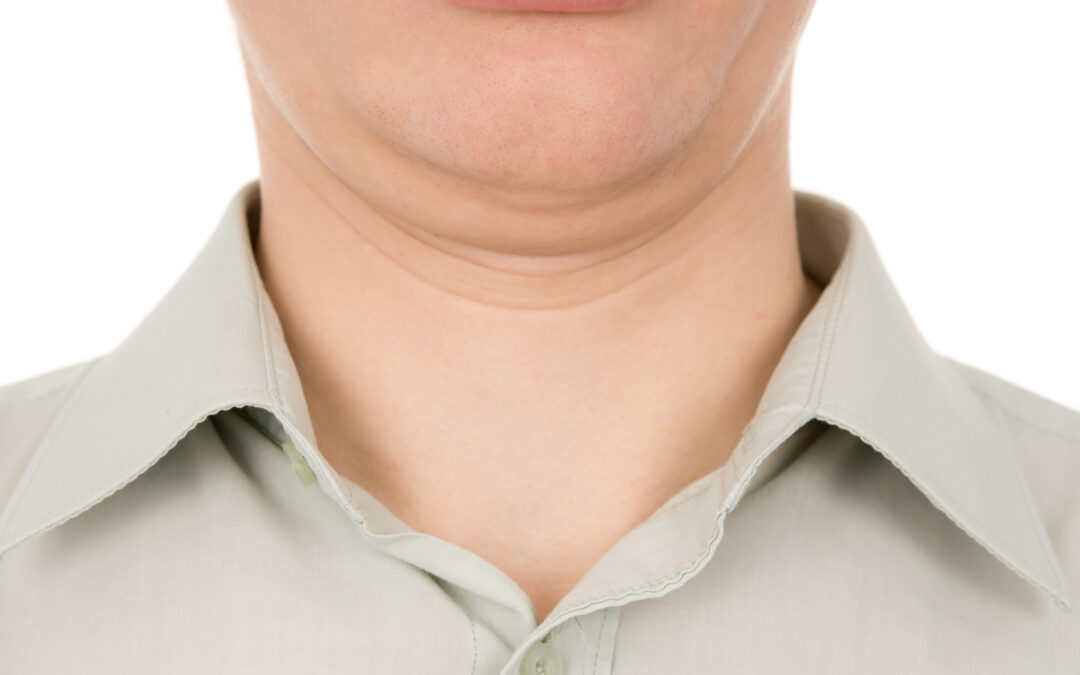 image of skinny guy with a double chin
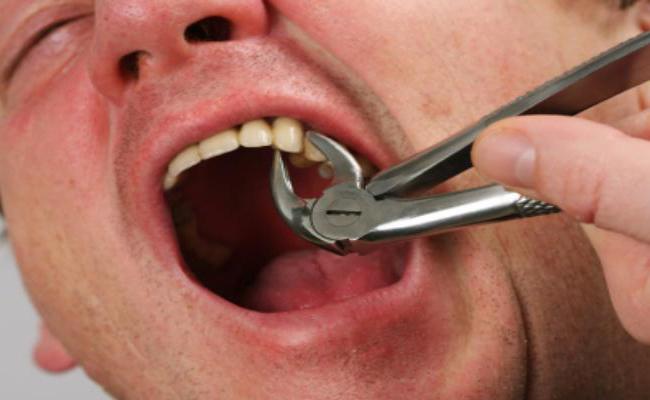 болит зуб и голова с одной стороны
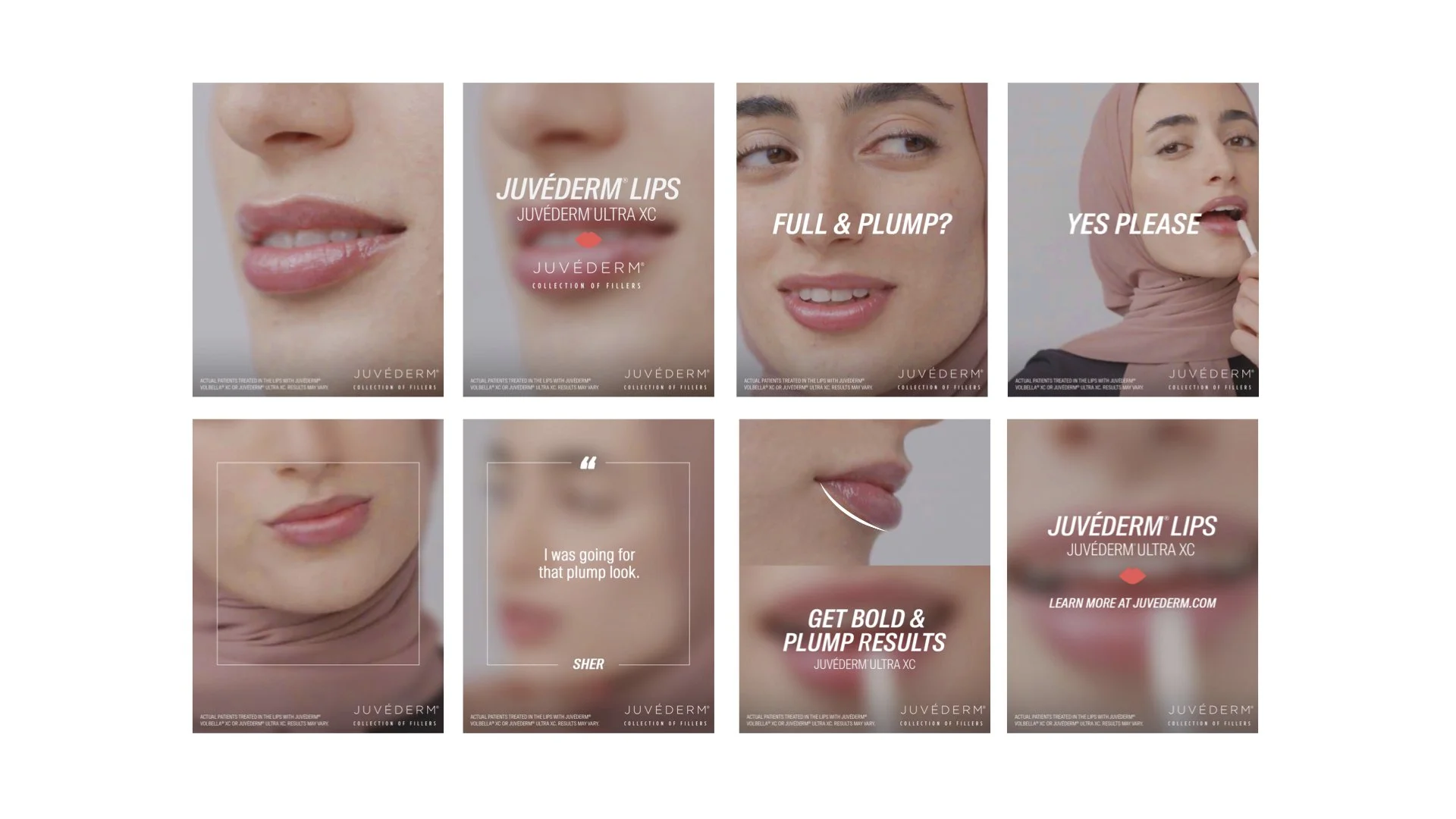 LIPS.001.jpeg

+---+

What to do | Apart from the images, retype the full material exactly as written.

Finished task |
 image of skinny guy with a double chin
 болит зуб и голова с одной стороны
 LIPS.001.jpeg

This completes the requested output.